Here are just a few historical facts:
~No bear market in history ended before the recession
~No bear market in history ended with the Fed raising rates
~No bear market in history ended before the true Fed pivot
~No bear market persistent inversion was NOT followed by a recession ( US10Y-US02Y has been inverted since July) & (US10Y-US03M inverted in October).

President Biden last week touted, "The US economy is expanding, and income has increased faster than inflation".

Okay well, two things:

First, here is a simple but impactful fact;
Since the start of this year, Stock Market losses have wiped $9 Trillion from Americans' wealth

Second, if wages are growing faster than inflation ( Inflation grew exponentially in comparison to the last 40 years), then why is the data showing an immense gap between Labor costs & Corporate profits?
Its best to see the data for yourself, but here is a snippet:
Corporate profits- (2020 Q2-2021 Q4= 53.9%) & (1979-2019= 11.4%)
Unit Labor Cost- (2020 Q2-2021 Q4= 7.9%) & (1979-2019= 61.8%)

That is roughly a 155% difference in the WRONG direction. (Unit Labor Cost)

This exact same dynamic was the main reason for the Great Depression to have happened in the first place. Corporation profits grew larger while Labor Wages vastly lagged behind. It not only led to a complete collapse of industrial spending but would condemn the economy to almost a decade of misery and mediocrity.

Let's move on to arguably the most important part of the post which is the FED's preferred Recession Indicator. (US10Y-US3M). It has finally flashed a Recession warning as it has inverted for the 4th time since 2000. Each time this has happened there has been a Recession that followed.

Pair this with the Energy crisis across the world which has also marked very valid Recession signals:

It is also well known that the housing market holds the majority of individual wealth so let's take a peek at where it stands:
This chart from a technical perspective almost guarantees a local top after housing prices soared by almost 27% following the 2020 recovery. Take a look at the RSI paired with rapid acceleration to the upside. What follows is pretty clear, at least locally.

Interestingly enough, a FED Pivot / Inflation Peaking is amongst the most popular narratives being passed along and at face value it makes sense, but once you dive deeper the matter makes anything but sense. Let me explain:
Here is Inflation overlayed with the FEDS Fund Rate:
As you can see, not only was the FED late to the party regarding policy to fight inflation (possibly intentional due to exponential debt) but it also wasn't until Interest Rates matched the Level of Inflation was when Inflation truly peaked. This has not been met today.

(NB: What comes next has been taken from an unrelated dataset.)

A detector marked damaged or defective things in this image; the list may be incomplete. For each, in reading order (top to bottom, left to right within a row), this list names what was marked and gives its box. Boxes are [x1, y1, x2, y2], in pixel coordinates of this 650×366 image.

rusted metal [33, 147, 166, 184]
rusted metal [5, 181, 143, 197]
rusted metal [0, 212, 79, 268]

Furthermore, let's see what happens once the FED pivots and begins decreasing rates again:
Again, if you notice when the FED began to decrease rates, the market did NOT act the way the public is expecting it to react today. It is a counterintuitive proposition because it is positive that monetary policy is more favorable but WHY is the FED decreasing rates? Most likely because of economic weakness. If the FED is hiking confidently, this means the economy is still intact and able to hold the brunt of the impact. This dynamic is missed by a great majority of market participants.

One thing I want to focus on in the last chart is the 40-year trend break of monetary policy . We see this break in all charts representing yields/rates in terms of governmental sectors. For example;
Here is the US10Y: Breaking a 40-Year trend

As well as the 30-Year Fixed Rate Mortgage does the exact same thing:

This to me indicates we are in a historical transitional period. If this is in fact the case, this would mean we would be transitioning from the old trend to a new trend. Now let's think about what trend we have been in for the last 20 years minimum. Its been astronomical QE and endless money printing which has brought us to today. What's on the flip side of this coin?